Three of the foundational design ideas we pursued were: to enable users easily to link any object to any other object; to support deep linking to and from arbitrary locations in web pages, videos and images; that user-created links should be bidirectional. This would allow users to rapidly navigate between information in the environment.
It became clear to me, however, that the usefulness of being able to easily link anything to anything within a particular software application meant that links need to be able to escape the bounds of any particular application. This calls for Ubiquitous Linking: user and automation interfaces for linking in just about any software in which users would want to refer to persistent information. That would allow users to connect anything to anything within and between the apps of their choice. Ubiquitous linking would help address the “meta-access problem” I described in my first Cognitive Productivity book (initially published in 2013); that is the ability to rapidly access any information related to the current focal object — such as to navigate rapidly between a note or email in one app and the source document to which the note or email pertains in another app (say a PDF). Otherwise, users lose the benefits of linking as soon as they step out of an application.
Mark Bernstein, who has published extensively on linking, made several suggestions that were incorporated in this document. He also drew my attention to a 1989 paper by Amy Pearl on ubiquitous link services. Her paper specified requirements for linkable software within an operating system, and described Sun’s efforts in that direction. All these years after Pearl’s paper, linking is far from ubiquitous.
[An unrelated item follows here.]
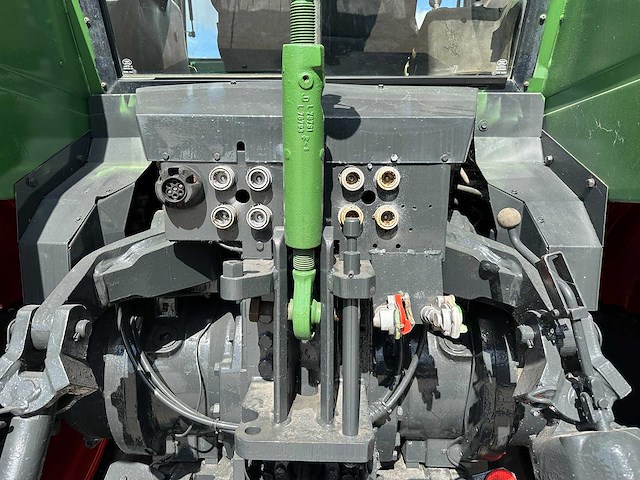 Fendt - favorit 614 lsa - vierwielaangedreven landbouwtractor - afbeelding 36 van  43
Fortunately, it has become increasingly common for software to provide links to their objects. Podcasters, like David Sparks (who is also an originator of this document), are explaining the benefits of linking. Some apps provide a user interface from which links to their items may be copied; some support a back linking notation. Some apps even have an API from which links can be constructed. Interapp communication has been facilitated by the x-callback-url specification written by Greg Pierce, of Agile Tortoise with “encouragement early on by Marco Arment, Justin Williams and others”.
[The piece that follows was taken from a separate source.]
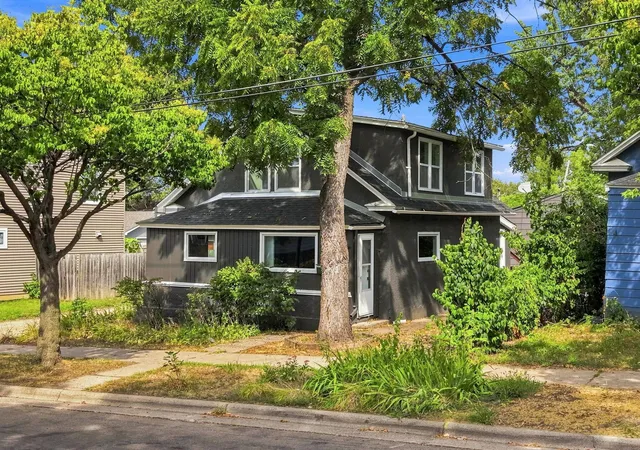 Photo 1 of Multi family home for sale at 483 Lawson Ave W, Saint Paul, MN 55117 | MLS# 7140880 | Listing updated on 2026-09-16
A few years ago, I started getting in touch with Mac software developers whose apps already had an API for linking, to celebrate their achievement and to discuss the problems it solves for users. I also got in touch with software developers whose apps lacked some of the automation required for inter-app linking, many of whom then added the required automation. Users are delighted to be able to navigate information within and between apps using hyperlinks, as easily as they can on the web. When one of their key apps lacks adequate support for linking, users will often request the support. Still, as of this writing, several apps lack the ability to copy links to the information items they manage; and thus many lack automation for linking.
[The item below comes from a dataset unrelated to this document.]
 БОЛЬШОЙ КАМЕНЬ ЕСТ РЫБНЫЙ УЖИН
In order to help developers and users alike understand the importance of linking beyond the web, such as to local and cloud shared resources, Daniel Jomphe and I published a chapter in the 2020 edition of The Future of Text, called A Manifesto for User and Automation Interfaces for Hyperlinking. However, book chapters don’t have the same reach as a website. Moreover, I wanted to give more developers a chance to contribute to the manifesto, and to sign it. The Agile Manifesto seemed like a good model, so we borrowed its structure. It seemed to me that this could be even more influential, since it is pertinent to almost all end users of software.
So, I then got in touch with many developers, professors and podcasters who are interested in hypertext, to ask them if they would be interested in participating in, or at least endorsing, a Manifesto for Ubiquitous Linking. I was delighted by the enthusiastic response.
The current website expresses some of our beliefs regarding the importance of ubiquitous linking. We hope this manifesto will help end-users, product managers, and developers understand some of what they should expect of modern software.